Roberts Darby M, Thomas Jonathan E, Salmon Jacklyn H, Cubeta Marc A, Stapelmann Katharina, Gilger Brian C
Departement of Clinical Sciences, College of Veterinary Medicine, North Carolina State University, Raleigh, North Carolina, United States of America.
Department of Nuclear Engineering, North Carolina State University, Raleigh, North Carolina, United States of America.
PLoS One. 2025 Aug 11;20(8):e0326940. doi: 10.1371/journal.pone.0326940. eCollection 2025.

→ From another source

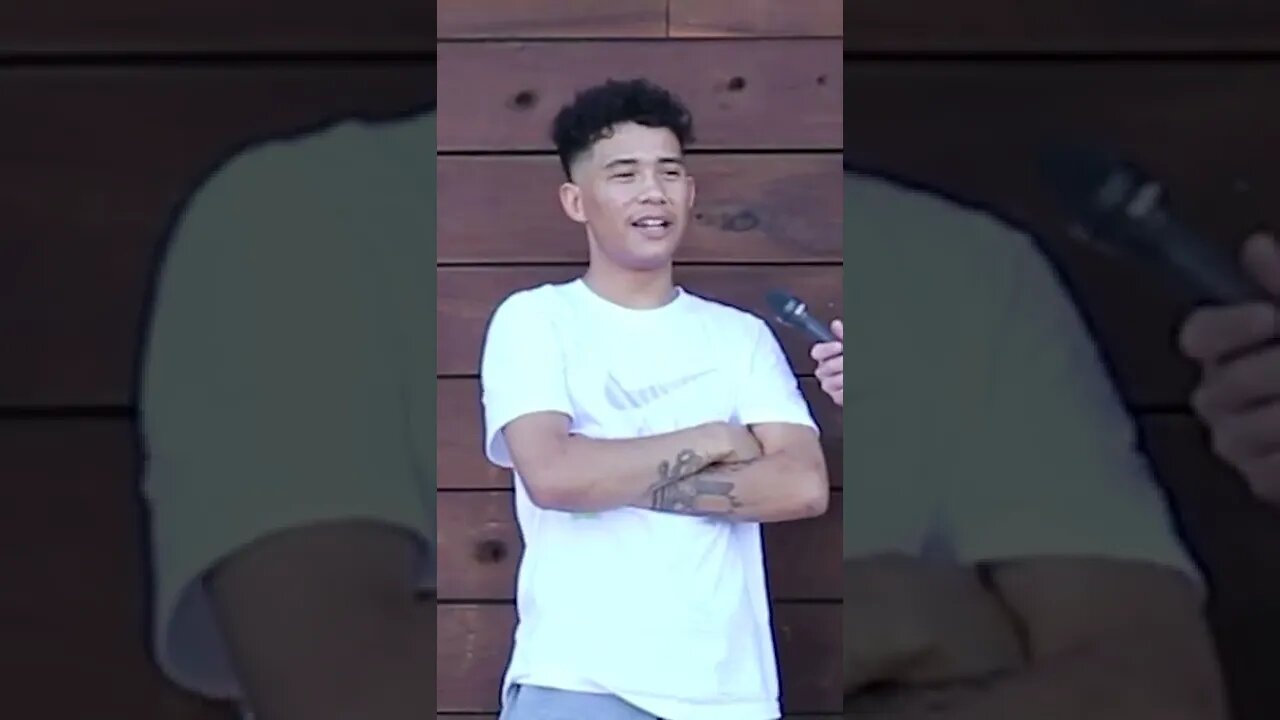 This Guy Says "White is Right"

The purpose of this study is to evaluate sublethal cold atmospheric plasma (CAP) treatment of filamentous fungal pathogen susceptibility to commonly used antifungal drugs in vitro. Response to CAP in combination with voriconazole, fluconazole, amphotericin B, and caspofungin was evaluated in Aspergillus flavus and Fusarium keratoplasticum conidia and mycelium; conidial response to fluconazole was also assessed in three strains of F. falciforme. Conidial susceptibility to antifungal drugs alone or in combination with CAP was assessed using a modified CLSI broth microdilution assay with MIC determination and colony-forming unit (CFU) enumeration. Mycelial viability and biofilm thickness changes in response to antifungal drugs alone or in combination with CAP were assessed over 24 hours post treatment. CAP enhanced antifungal drug efficacy against all fungal species, though effects differed by drug and growth form. CAP enhanced antifungal drug susceptibility in conidia, with the strongest effect observed for F. keratoplasticum conidia, where caspofungin MIC decreased fourfold (from 16 to 4-8 μg/mL) and sensitivity to fluconazole, which exerted no effect in absence of CAP, was restored when combined with sublethal CAP treatment. In A. flavus, CAP lowered the MIC of voriconazole (from 0.25 to 0.06-0.125 μg/mL) but increased the MIC of amphotericin B (from 4 to >4 μg/mL), despite reductions in viable cell counts. Differential responses to CAP and fluconazole were observed across three strains of F. falciforme, suggesting variability in CAP response. In treated biofilms, CAP alone initially reduced mycelial viability and biofilm thickness, but partial recovery of the fungus was observed over time in most cases. When combined with antifungal drugs, CAP significantly enhanced reduction of mycelial viability and thickness beyond antifungal treatment alone. In F. keratoplasticum biofilms, the combination of CAP and antifungal drugs produced sustained reductions in mycelial viability and biofilm thickness, whereas A. flavus biofilms were more resistant to CAP treatment and exhibited consistent recovery after 24 hours.
本研究的目的是评估亚致死剂量冷大气等离子体(CAP)处理对丝状真菌病原体体外常用抗真菌药物敏感性的影响。在黄曲霉和角膜塑形镰刀菌的分生孢子和菌丝体中评估了CAP与伏立康唑、氟康唑、两性霉素B和卡泊芬净联合使用的效果;还在三株镰状镰刀菌中评估了分生孢子对氟康唑的反应。使用改良的CLSI肉汤微量稀释法,通过测定最小抑菌浓度(MIC)和计算菌落形成单位(CFU),评估单独使用抗真菌药物或与CAP联合使用时分生孢子对药物的敏感性。在处理后的24小时内,评估单独使用抗真菌药物或与CAP联合使用时菌丝体活力和生物膜厚度的变化。CAP增强了对所有真菌物种的抗真菌药物疗效,尽管不同药物和生长形式的效果有所不同。CAP增强了分生孢子对抗真菌药物的敏感性,在角膜塑形镰刀菌分生孢子中观察到的效果最强,卡泊芬净的MIC降低了四倍(从16降至4-8μg/mL),而对氟康唑的敏感性(在无CAP时无作用)在与亚致死剂量CAP联合处理时得以恢复。在黄曲霉中,CAP降低了伏立康唑的MIC(从0.25降至0.06-0.125μg/mL),但增加了两性霉素B的MIC(从4增至>4μg/mL),尽管活细胞数有所减少。在三株镰状镰刀菌中观察到对CAP和氟康唑的不同反应,表明CAP反应存在变异性。在处理过的生物膜中,单独的CAP最初降低了菌丝体活力和生物膜厚度,但在大多数情况下,随着时间的推移观察到真菌有部分恢复。当与抗真菌药物联合使用时,CAP显著增强了对菌丝体活力和厚度的降低效果,超过单独使用抗真菌治疗。在角膜塑形镰刀菌生物膜中,CAP与抗真菌药物联合使用使菌丝体活力和生物膜厚度持续降低,而黄曲霉生物膜对CAP治疗更具抗性,在24小时后表现出一致的恢复。